Concerning the first issue there is very little the Americans can do as long as their troops continue to occupy Iraq. Concerning the second, there is a great deal of manipulation that can be, and is being, done by Arab political forces, regardless of the aspirations and ambitions of the Iraqi people.
The decision of almost all of Iraq's political groups, with the exception of the Ba'athists of course, to participate in the IGC set up by the occupation forces was a difficult one. But boycotting the council would have been tantamount to leaving the Americans to run Iraq alone, with the concomitant danger of plunging the country into a maelstrom of violence and disintegration. The political representatives of a large section of the Iraqi population therefore decided to participate.
The divisive fatwas labelling senior Iraqi politicians and clerics as collaborators or worse, declaring jihad and inciting young men and women to go to Iraq to fight the infidels, undermine the efforts of those participating in the IGC to enlarge the powers of the council and save Iraq from the chaos that currently reigns and, furthermore, serve only to worsen Iraqi-Arab relations.
Iraq has a predominantly Shi'a population. Shi'a-Sunni sedition is the last thing the Arab world needs. In Iraq Shi'as and Sunnis are well aware of this fact. Other Sunni Arabs, though, have to be more attentive to the specificity of a country like Iraq with its rich and multi-layered national history.
On the same day, probably at the same hour, that I was listening to the Friday sermon in Alexandria denouncing the IGC and its members as collaborators who had accepted to be the fig leaf for occupation and extolling the virtues of military operations against the Americans, Ayatollah Mohamed Baqir Al-Hakim -- a collaborator according to the Alexandria Imam -- was giving the sermon at Imam Ali Mosque in Najaf, preaching peaceful opposition and denouncing military operations against the Americans. As the world knows he, together with 124 worshippers, died as they walked out of the mosque on that fateful Friday.
So which of two clerics is right? The hundreds of thousands of Iraqis mourning Hakim at this moment may, one hopes, furnish the Alexandria Imam with food for thought. Perhaps he will think twice before offering judgments in the future. And should the 500,000 Iraqis that accompanied Hakim to his final resting place in Najaf last Tuesday be insufficient proof as to how representative this "collaborator" was of Iraqi opinion, the statement issued by the Muslim Brothers mourning the death of Hakim offers yet more.

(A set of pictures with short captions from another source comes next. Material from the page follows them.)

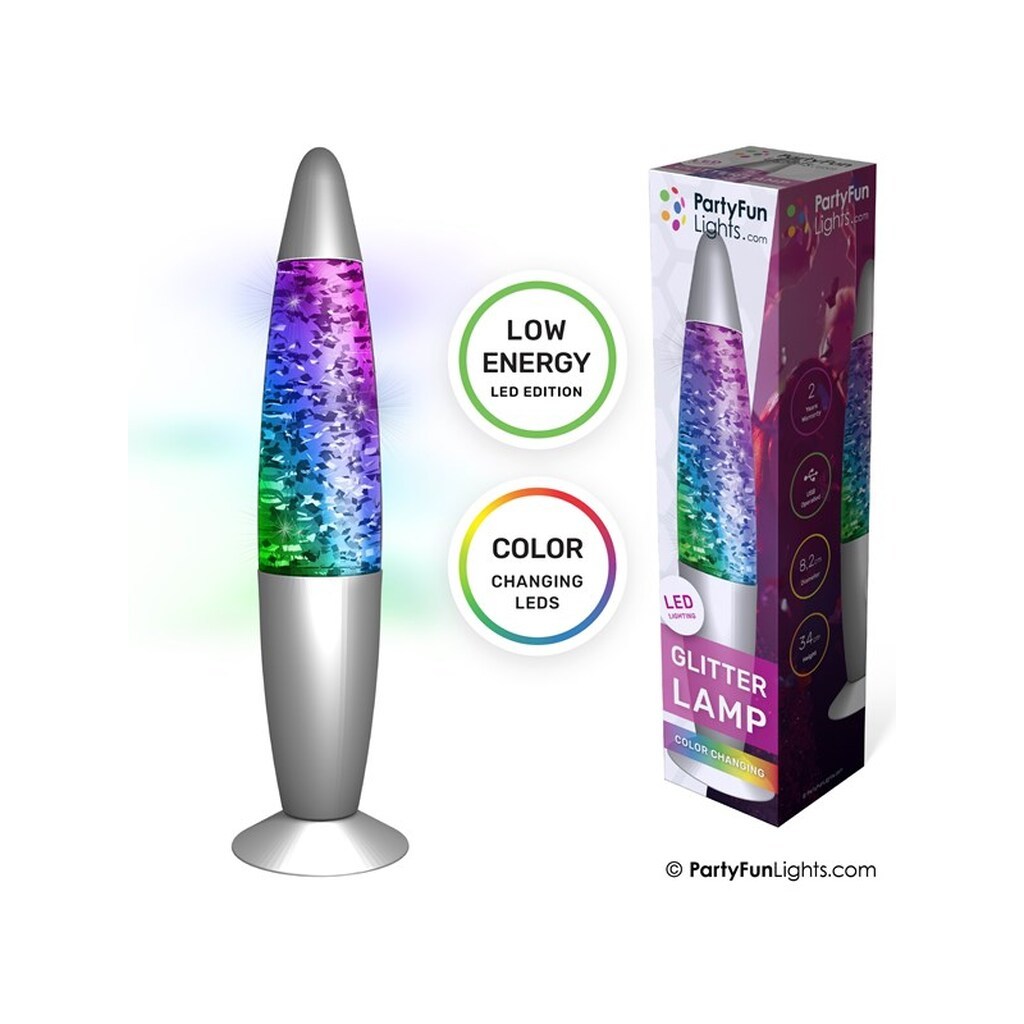 Party Funlight Glitter lampe - Multifarvet H: 34cm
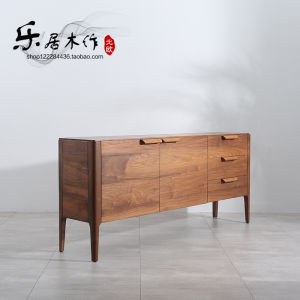 Luxurious Black Walnut Wooden TV Cabinet Living Room Storage Cabinet Villa Kitchen Cabinet Tea Water Terrace Real Wood Sideboard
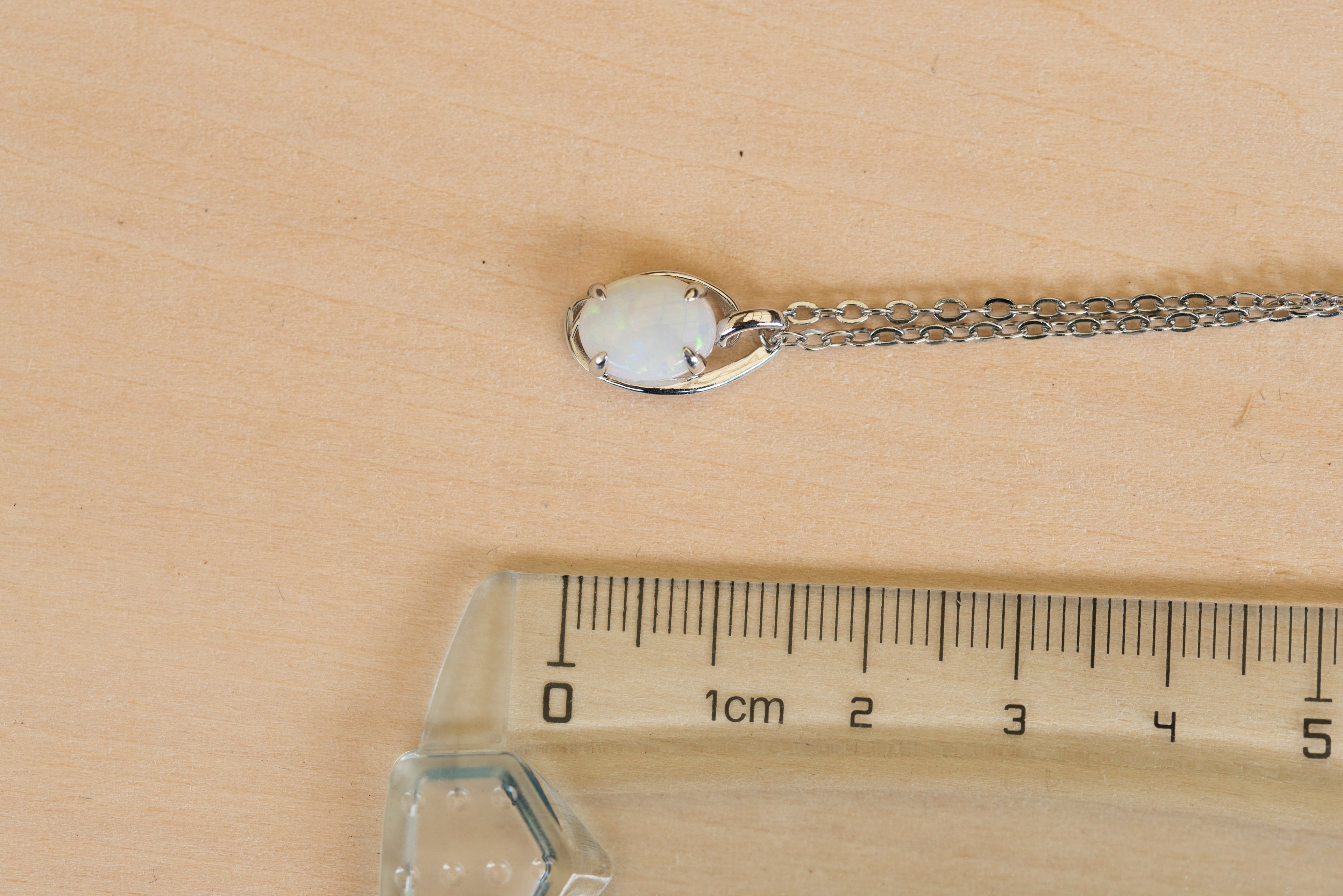 Australian White Opal Necklace – Genuine Multi-Color Solid Opal Pendant in Sterling Silver with White Gold Plating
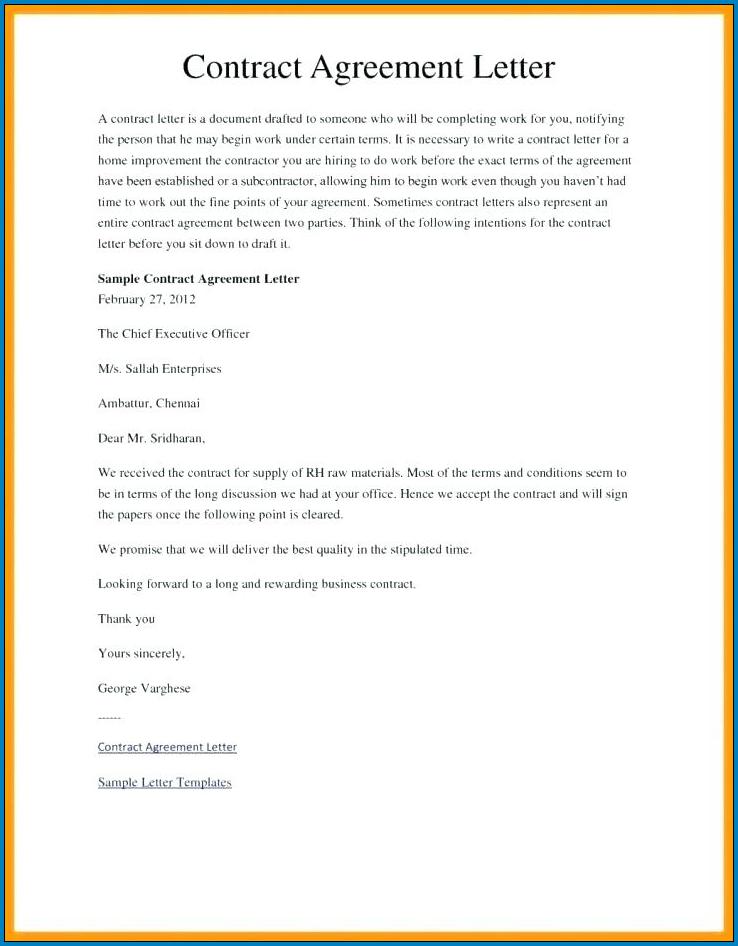  Free Editable Agreement Letter Between Two Parties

If the tragic death of Hakim, and his mourning by the people of Iraq, persuades the Muslim Brothers, the most influential organisation of political Islam in Egypt and elsewhere, to help quell the war of fatwas now raging in Egyptian mosques and adopt a more sensitive and consistent line towards the Iraqi question, respecting the need to leave Iraqis to chart their own course towards liberation, it will not have been in vain.